There is an increasing number of cancer cases in most countries, with an increasing variety of cancers. Over the years, ANN has been actively employed in cancer diagnosis as well. ANN systems have been developed for cancer of the breast (Degenhard et al., 2002), skin (Ercal et al., 1994), prostate (Brooks, 1994), ovaries (Tan et al., 2005), bladder (Moallemi, 1991), liver (Meyer et al., 2003), brain (Cobzas et al., 2007), colon (Ahmed, 2005), lung (Marchevsky et al., 2004), eyes (Maeda et al., 1995), cervix (Mango & Valente, 1998) and even thyroid (Ippolito et al., 2004). ANN has also been used for cancer prognosis and patient management (Naguib & Sherbet, 2001).

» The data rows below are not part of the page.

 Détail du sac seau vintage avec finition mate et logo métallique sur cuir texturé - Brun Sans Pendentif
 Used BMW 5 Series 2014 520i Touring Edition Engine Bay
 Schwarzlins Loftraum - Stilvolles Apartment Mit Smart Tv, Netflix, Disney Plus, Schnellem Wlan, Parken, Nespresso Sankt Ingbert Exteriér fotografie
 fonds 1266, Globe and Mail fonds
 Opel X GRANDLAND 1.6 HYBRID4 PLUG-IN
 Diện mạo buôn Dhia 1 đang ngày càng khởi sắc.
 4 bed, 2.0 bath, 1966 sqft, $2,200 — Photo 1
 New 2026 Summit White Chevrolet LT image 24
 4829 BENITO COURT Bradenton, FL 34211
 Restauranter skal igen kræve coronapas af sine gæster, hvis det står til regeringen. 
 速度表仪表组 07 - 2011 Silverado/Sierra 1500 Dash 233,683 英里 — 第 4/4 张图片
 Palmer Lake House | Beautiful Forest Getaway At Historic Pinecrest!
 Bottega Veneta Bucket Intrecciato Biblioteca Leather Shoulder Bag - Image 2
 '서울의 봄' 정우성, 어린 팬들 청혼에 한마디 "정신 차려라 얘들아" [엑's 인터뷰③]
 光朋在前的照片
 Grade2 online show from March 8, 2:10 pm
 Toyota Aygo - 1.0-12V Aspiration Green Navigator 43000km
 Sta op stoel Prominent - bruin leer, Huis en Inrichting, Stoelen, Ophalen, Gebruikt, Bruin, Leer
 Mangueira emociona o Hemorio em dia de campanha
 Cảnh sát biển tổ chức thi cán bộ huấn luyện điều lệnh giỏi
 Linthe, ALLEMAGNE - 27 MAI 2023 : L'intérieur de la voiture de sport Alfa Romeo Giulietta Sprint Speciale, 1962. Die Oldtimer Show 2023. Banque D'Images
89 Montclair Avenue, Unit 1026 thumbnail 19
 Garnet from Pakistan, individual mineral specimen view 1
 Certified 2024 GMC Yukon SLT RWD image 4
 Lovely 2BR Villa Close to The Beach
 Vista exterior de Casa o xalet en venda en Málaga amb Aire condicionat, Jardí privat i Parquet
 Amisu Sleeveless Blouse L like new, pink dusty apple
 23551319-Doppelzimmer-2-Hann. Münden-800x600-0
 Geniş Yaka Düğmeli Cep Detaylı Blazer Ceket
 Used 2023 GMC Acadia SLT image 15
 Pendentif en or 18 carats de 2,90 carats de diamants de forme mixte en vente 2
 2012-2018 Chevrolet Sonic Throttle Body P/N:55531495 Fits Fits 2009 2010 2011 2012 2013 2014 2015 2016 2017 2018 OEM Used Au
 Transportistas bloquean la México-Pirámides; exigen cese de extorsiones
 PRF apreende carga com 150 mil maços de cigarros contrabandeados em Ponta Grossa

Although there has been extensive development of ANN systems for medical application, there are still many more diagnostic systems for diseases and organs that would be able to gain from this nature-inspired technology. This chapter proposes a multi-stage nature-inspired detection scheme that mimics the radiologist’s diagnosis strategy, where most of the algorithms employed are themselves nature-inspired. The scheme is augmented with the nature-inspired neural networks to improve the system performance in tackling automatic preliminary detection of a difficult and much less researched set of tumors affecting the bile ducts, using the defacto diagnostic imaging technology for the liver and pancreato-biliary system.